Ain’t no veggies in this post, fellow what-i-ate-Wednesday-ers.
I don’t know about you, but I like dessert.
And I’m not talking a sliver of diet dessert. I’m talking real dessert.
So when I order something, like, say, fried ice cream, I want fried ice cream. The real deal — greased up sugary coating and real ice cream. Not a ball of Blue Bunny vanilla rolled in corn flakes sans grease. Not cool, fellas, not cool.
Why does it matter? Trust me, it matters. It matters because if I don’t have a satisfying dessert, it leaves me wanting more. I was sharking around after that dessert on Saturday night for more sweet stuff. If I would have gotten what I’d ordered (yes, greasy, sugar-coated ice cream!) I would have been satisfied. But no.
Seriously guys. I want to talk to you about dessert. And everything sweet. You see, a while back I gave up sugar. It was an experiment as guided by Sarah Wilson’s “I Quit Sugar” book. It was a great experiment, because I saw how addicted I truly am to sugar, and the effects that it has on me (fatigue, bloat, extreme changes in blood sugar, crankiness, etc.).
Before this experiment, I was eating small doses of sugar in large quantities every day to quell my sweet tooth, which in reality, was perpetuating my sweet cravings. I was actually eating MORE sugar than what would be in one serving of a real dessert. Some days I’d eat 80-90 g of sugar, which is at least twice what I probably should be eating (Sarah Wilson recommends 20 g or less). Now, even on days that I have a good dessert, it’s more like 30-40 g. My body is liking this change. I don’t feel like I have a hangover every day any more. And I’m not hangry after workouts (which Mark appreciates since he makes dinner).
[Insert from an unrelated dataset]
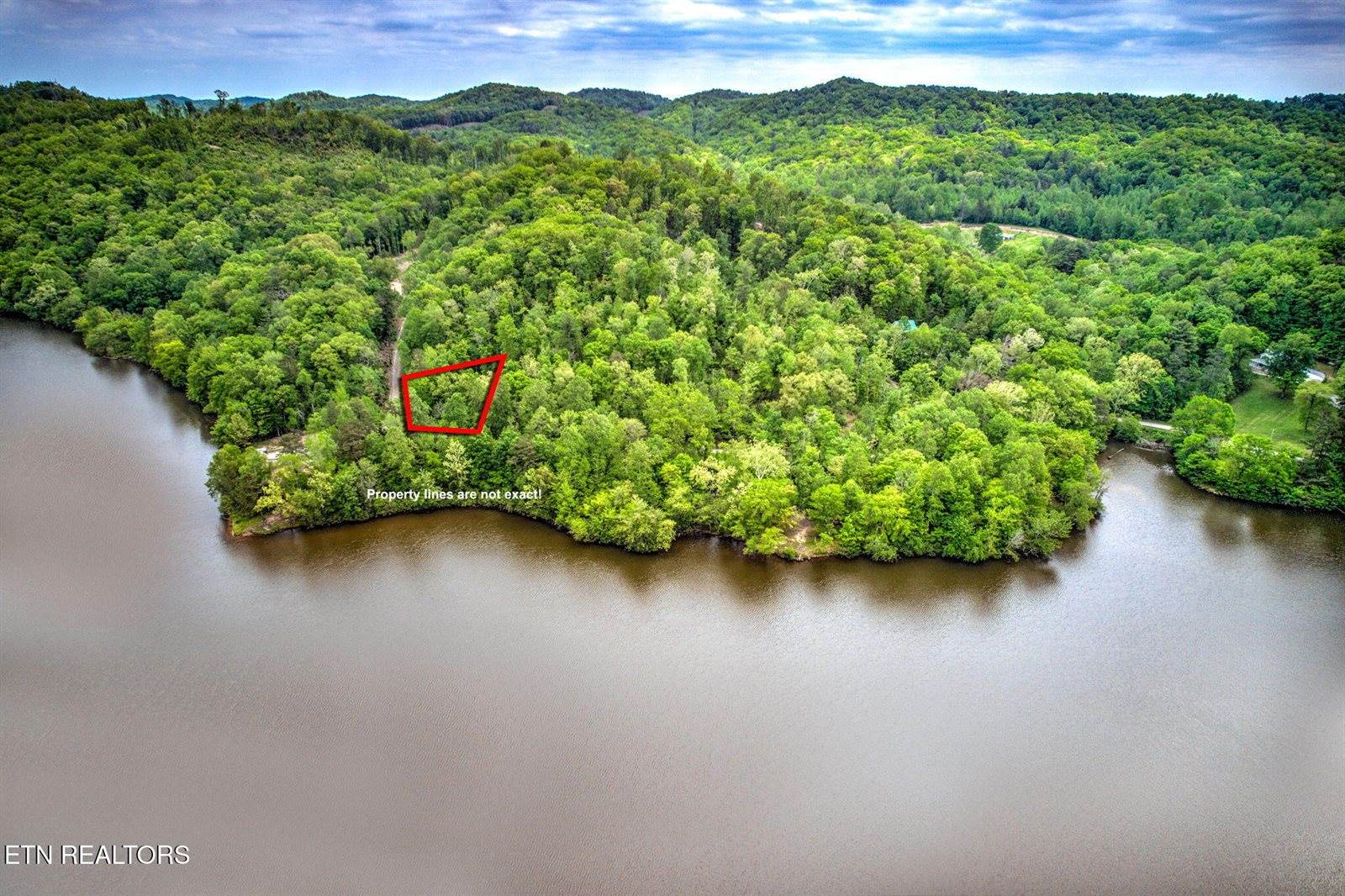 126 & 130 Lake View Drive, Harriman, TN 37748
After my experiment, I decided I’m not quitting sugar altogether. Though, Sarah and a few others make a great case for quitting sugar completely. Even though I’m not quitting, I am most definitely not consuming sugar in the obscene amount that I was having daily before this experiment. I’m not eating foods with added sugar (anything with cane sugar, evaporated cane juice, the word “syrup”, molasses, honey, agave, etc.) except dessert. So you bet that when I get dessert, it’s going to be full-on full-fat, full sugar, no-holds-barred.
This is a philosophy I hope everybody can embrace.
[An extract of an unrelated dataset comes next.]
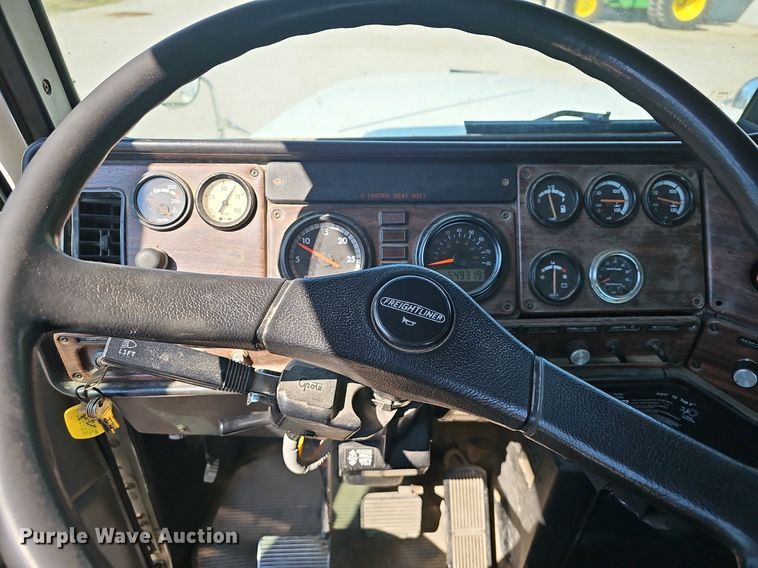 image for item EJ6209 1999 Freightliner FLD semi truck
Just think — would you rather have one piece of the world’s most perfect cheesecake (or insert your favorite dessert here) once every once in a while, or have a piece of some half-assed low-fat faux diet fake-out dessert once a day?
I think you know the answer to that question.
Restaurants: When I order dessert, it damn well be as described on the menu. If it’s fried, I want grease. If it’s chocolate, I want it oozing. Don’t skimp on the sweet stuff because I’m holding off for that perfect piece of pie.
Would you rather eat one piece of not-so-satisfying dessert a day than have the most delectable dessert once a week?